Parents’ Secure Connection the Basis for Children’s Security
Children do better too, if parents understand this in themselves. Children have part mom and part dad in their heads and hearts, looking to them for security and safety as they go out in the world (this is unconscious, but very intensely important in allowing children to find secure attachments). When there is dissonance between the parents, the minds of the children have dissonance, and they take this with them into adult life, needing to find resolution later in life themselves. There is a much-used bit of advice about divorced parents, which says that you must not argue in front of the children. This wisdom is good in many cases, but it would be naïve to think that children do not pick up unspoken dissonance. They are finely tuned into their parents, and unspoken negativity just feels like mysterious content without reason.
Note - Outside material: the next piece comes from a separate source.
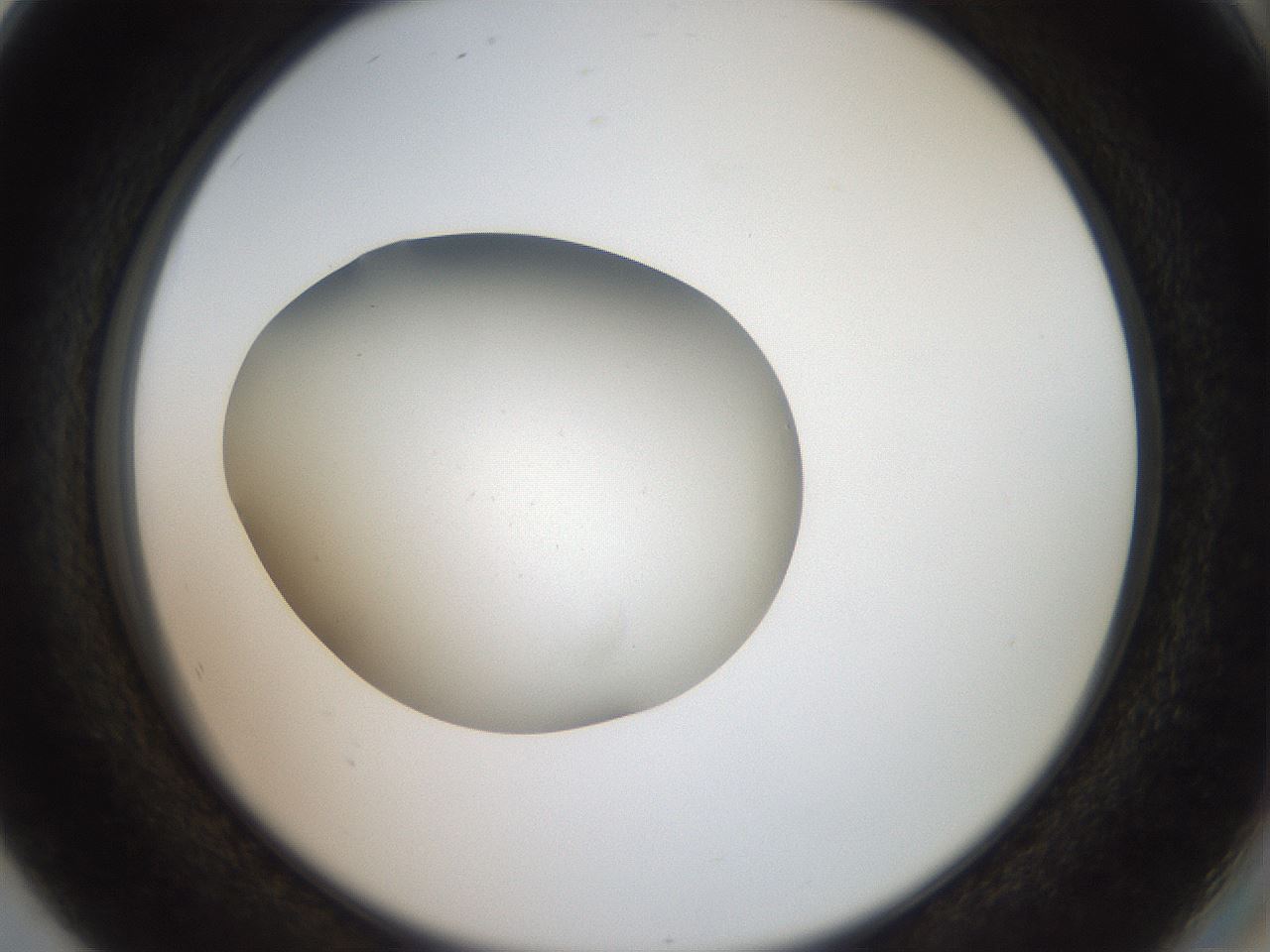 folderID42_plateID2042_batchID9007_wellNum80_profileID1_d2_r137910_ef.jpg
Better still would be an explanation from the parents about how dissonance comes about, and what children can do about it to keep themselves whole and safe in the larger world, and attached to their parents.
Include Attachment Coaching in the Divorce Process
When using Attachment Theory as a necessary part of the divorce process, the partners can come to a relational calm, accepting each other’s styles during distress, and using simple strategies for effective attachment to calm themselves and their exes. Human beings come to peace in certain prescribed ways, and, like warring countries, peace agreements come through negotiations of a particular sort, and not just any kind of agreement. Having split up the goods, they still have to figure out how to keep the peace, both internally and externally.